• **RECORD EXCERPTS**

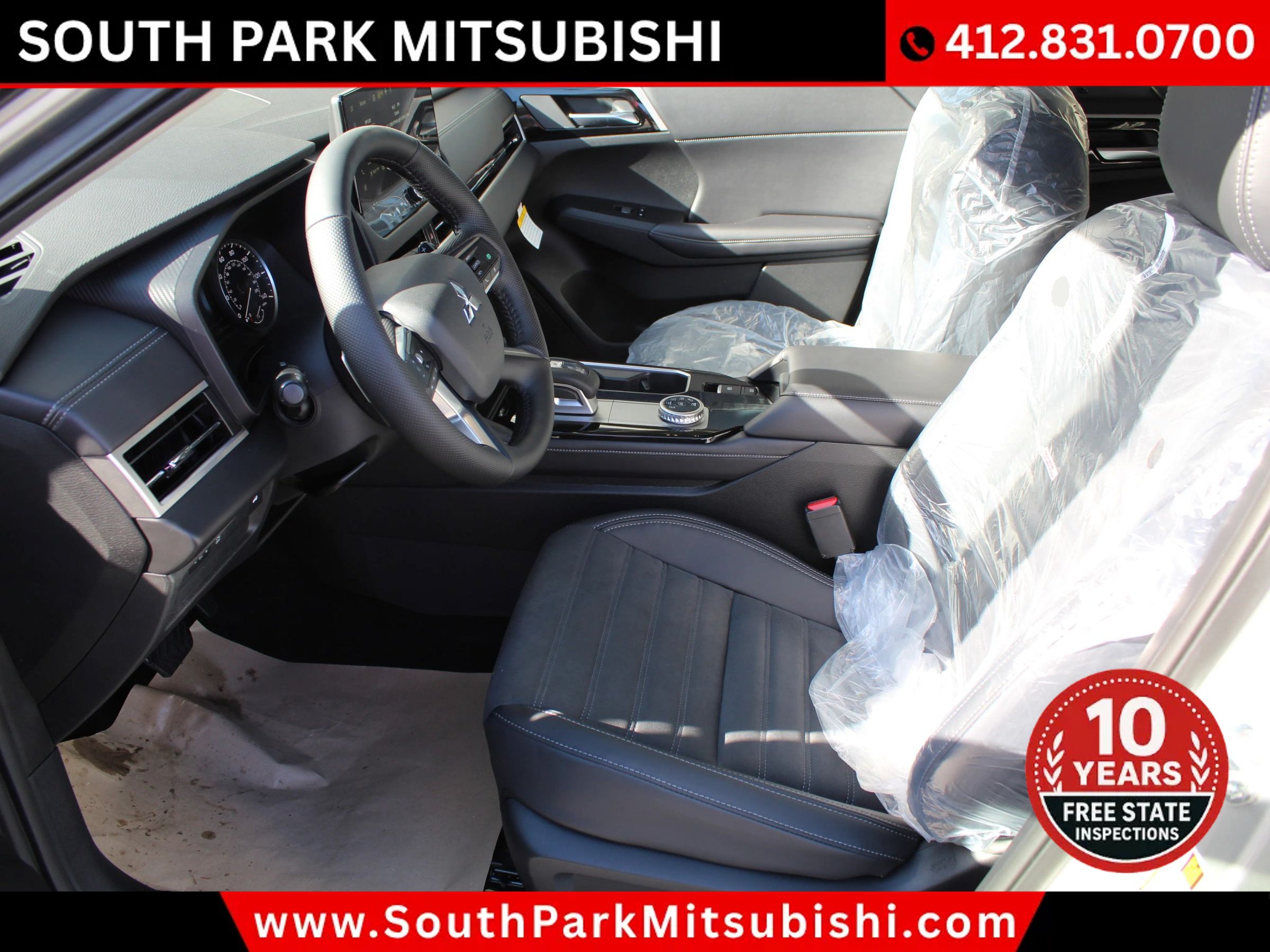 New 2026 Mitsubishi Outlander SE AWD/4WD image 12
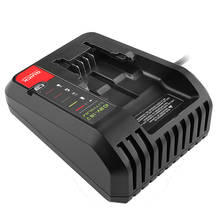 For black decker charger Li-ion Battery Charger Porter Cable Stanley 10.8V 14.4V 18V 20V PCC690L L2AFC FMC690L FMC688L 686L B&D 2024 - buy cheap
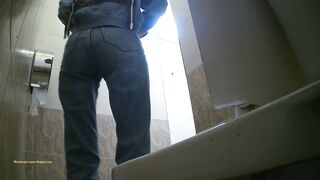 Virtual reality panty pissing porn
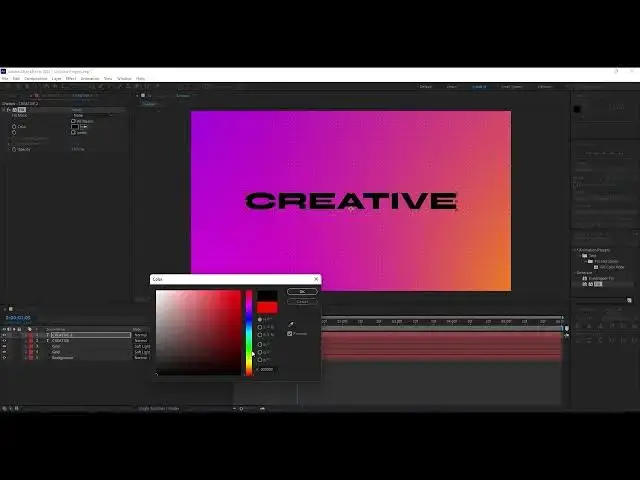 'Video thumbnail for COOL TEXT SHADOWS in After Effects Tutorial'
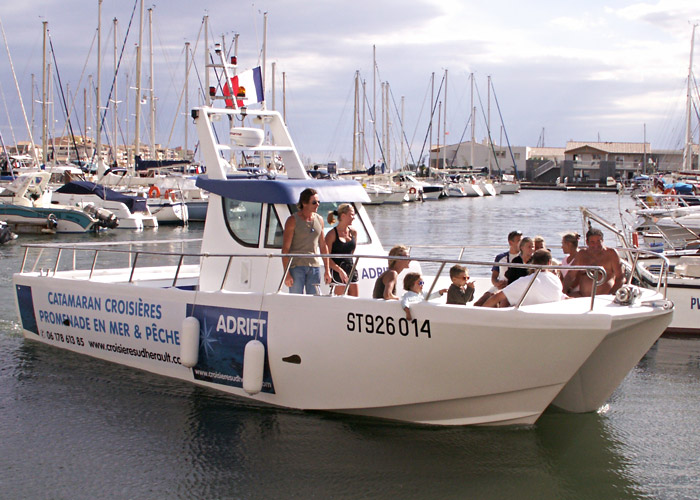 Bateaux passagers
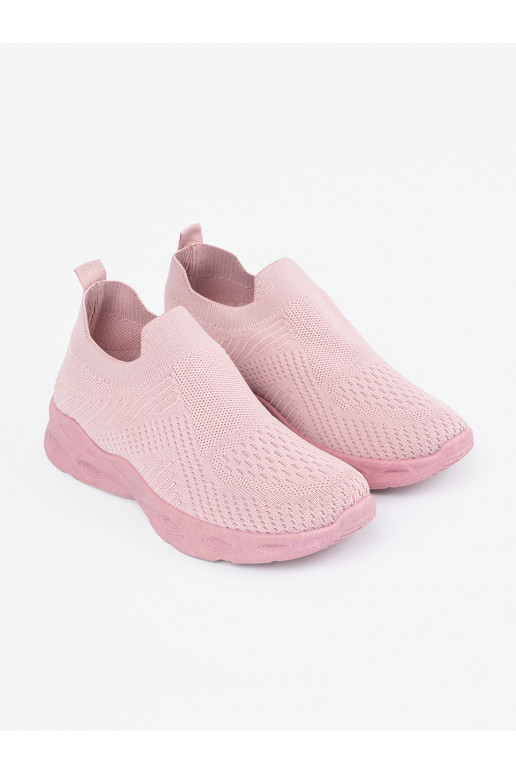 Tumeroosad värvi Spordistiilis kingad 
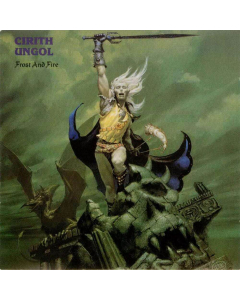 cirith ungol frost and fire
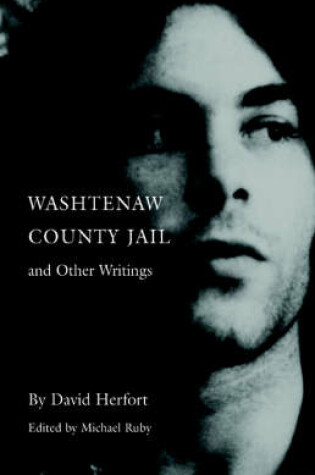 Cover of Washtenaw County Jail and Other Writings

• **ASSIGNED TASK**
Reproduce the listing verbatim, pictures excluded.

• **ANSWER FOR THIS EXERCISE**
 New 2026 Mitsubishi Outlander SE AWD/4WD image 12
 For black decker charger Li-ion Battery Charger Porter Cable Stanley 10.8V 14.4V 18V 20V PCC690L L2AFC FMC690L FMC688L 686L B&D 2024 - buy cheap
 Virtual reality panty pissing porn
 'Video thumbnail for COOL TEXT SHADOWS in After Effects Tutorial'
 Bateaux passagers
 Tumeroosad värvi Spordistiilis kingad 
 cirith ungol frost and fire
 Cover of Washtenaw County Jail and Other Writings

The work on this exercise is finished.